Work order:
What you produce should be an exact transcription of the data, minus any pictures.

Source data:
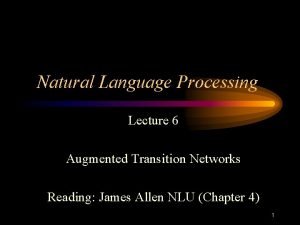 Augmented transition network in nlp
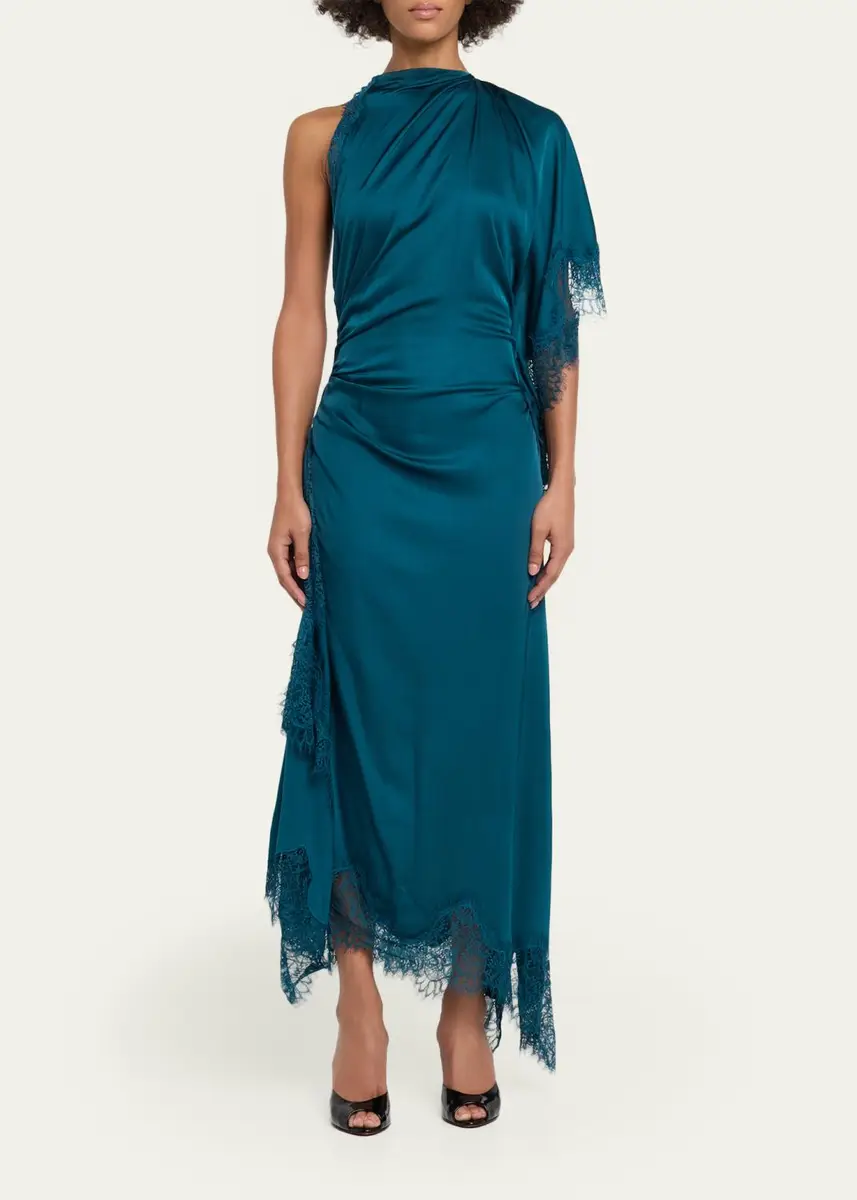 A.L.C. Miriam Draped Satin Lace Dress | Thumbnail 2 A.L.C. Miriam Draped Satin Lace Dress | Thumbnail 2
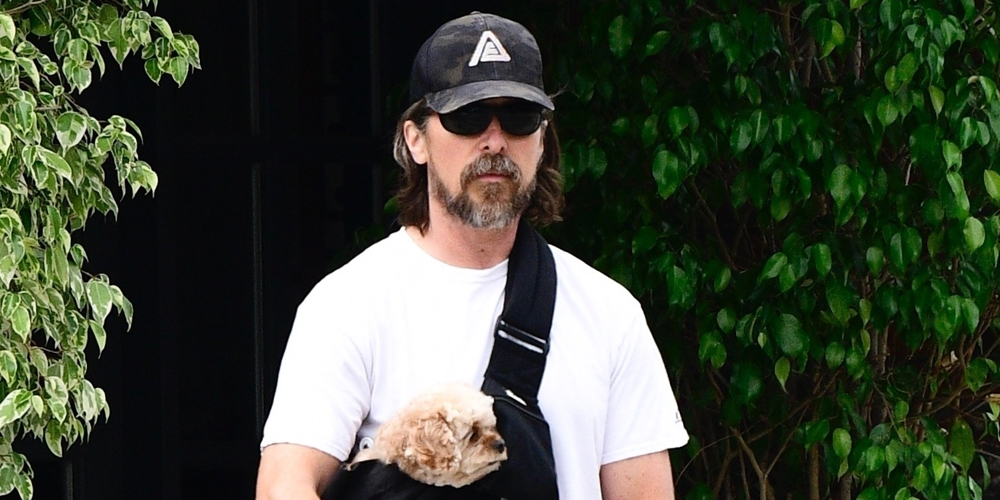 Christian Bale Brings His Tiny Puppy On A Scooter Ride in LA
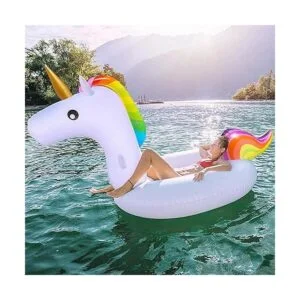 TURNMEON Flotador inflable de unicornio enorme para_6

Answer space:
 Augmented transition network in nlp
 A.L.C. Miriam Draped Satin Lace Dress | Thumbnail 2 A.L.C. Miriam Draped Satin Lace Dress | Thumbnail 2
 Christian Bale Brings His Tiny Puppy On A Scooter Ride in LA
 TURNMEON Flotador inflable de unicornio enorme para_6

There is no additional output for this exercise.